17 Temmuz 2020 tarihinde yayınlanmıştır.
Nihad Sâmi Banarlı'nın Türkçe'nin mes'elelerine dair, muhtelif gazete ve dergilerde yayınlanan 43 yazısının bir araya getirilmesiyle ortaya çıkan bu eser ilk olarak 1972 senesinde yayınlanmış ve milletimizin gösterdiği büyük teveccüh sâyesinde bugün itibarıyla 58. baskıya ulaşmışdır.
Bendeniz, bu eseri 70'lerin sonunda, henüz bir ortaokul talebesi iken, okumuş ve çok istifâde etmişdim. Eser, Türkçe'ye olan merâkımı ve hayrânlığımı daha da arttırmış, edebiyâtımıza bakışımı da değiştirmişdi. Aradan bunca zaman geçmesine rağmen, dönüp bakdığımda, eserin tâzeliğini hâlâ muhâfaza etdiğini ve yeni nesiller için yol gösterici, ufuk açıcı olduğunu rahatlıkla söyleyebilirim.
Müellifin en çok üstünde durduğu konular şunlardır :
* Türkçe'nin mûsıkîsi
* Dil devrimi fâciası
* Türkçe'nin zenginliği
* Türkçe'ye yabancı dillerden geçen kelimeleri atmanın yersizliği
* Uyduruk kelimeler
* Telaffuz ve imlâ
Eser, bir bütün olarak, bize dilimize sâhib çıkmamız, onun kıymetini bilmemiz, onu sevip korumamız, hattâ onun lezzetine varmamız gerektiğini söylüyor. Niçin? Çünkü milletleri millet yapan dilleridir. Niçin? Çünkü dil, bazılarının zennetdiği gibi kuru bir iletişim vâsıtası değildir, ondan çok öte şeydir.

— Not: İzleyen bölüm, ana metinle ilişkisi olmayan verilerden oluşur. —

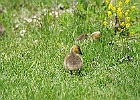 Canada Geese &#38; Goslings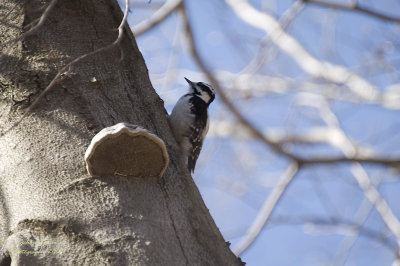 Pic Chevelu - Centre de la nature Mont St-Hilaire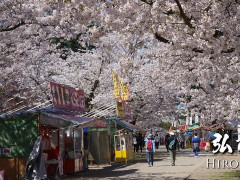 外国人「桜が大好き！」Ninja Walkingが弘前の桜を散策してる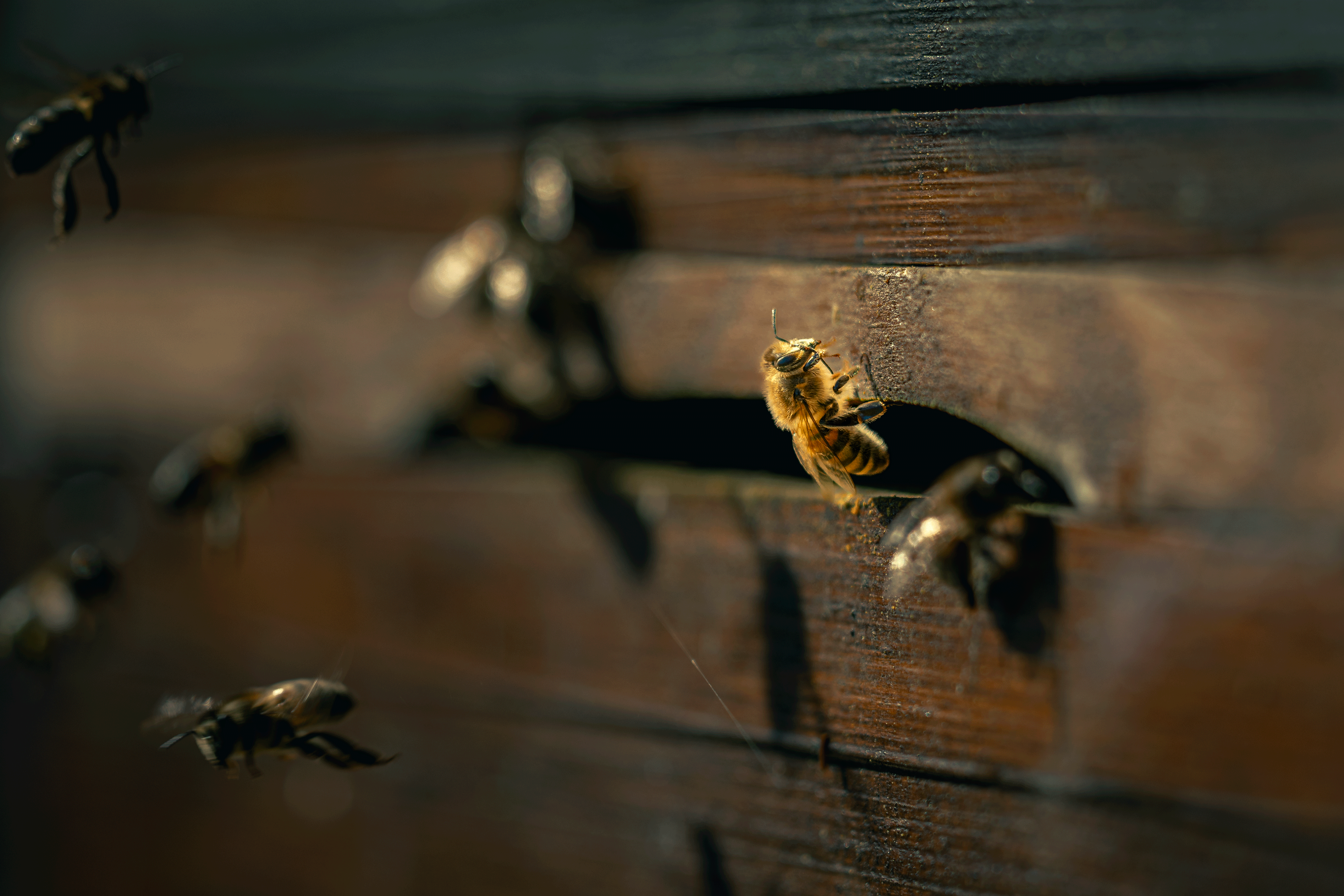 Tierisches 52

Dil, bir milletin hâfızasıdır, târihidir, edebiyâtıdır, sanatıdır, inançlarıdır, örf ve âdetleridir. Dilini unutan bunları da unutmuş olur.
Edebiyat tarihçilerimizin de çok takdîrini kazanmış olan bu kıymetli eseri, herkese, özellikle de genç kardeşlerimize harâretle tavsiye ediyorum.
Dilini kaybeden millet herşeyini kaybeder.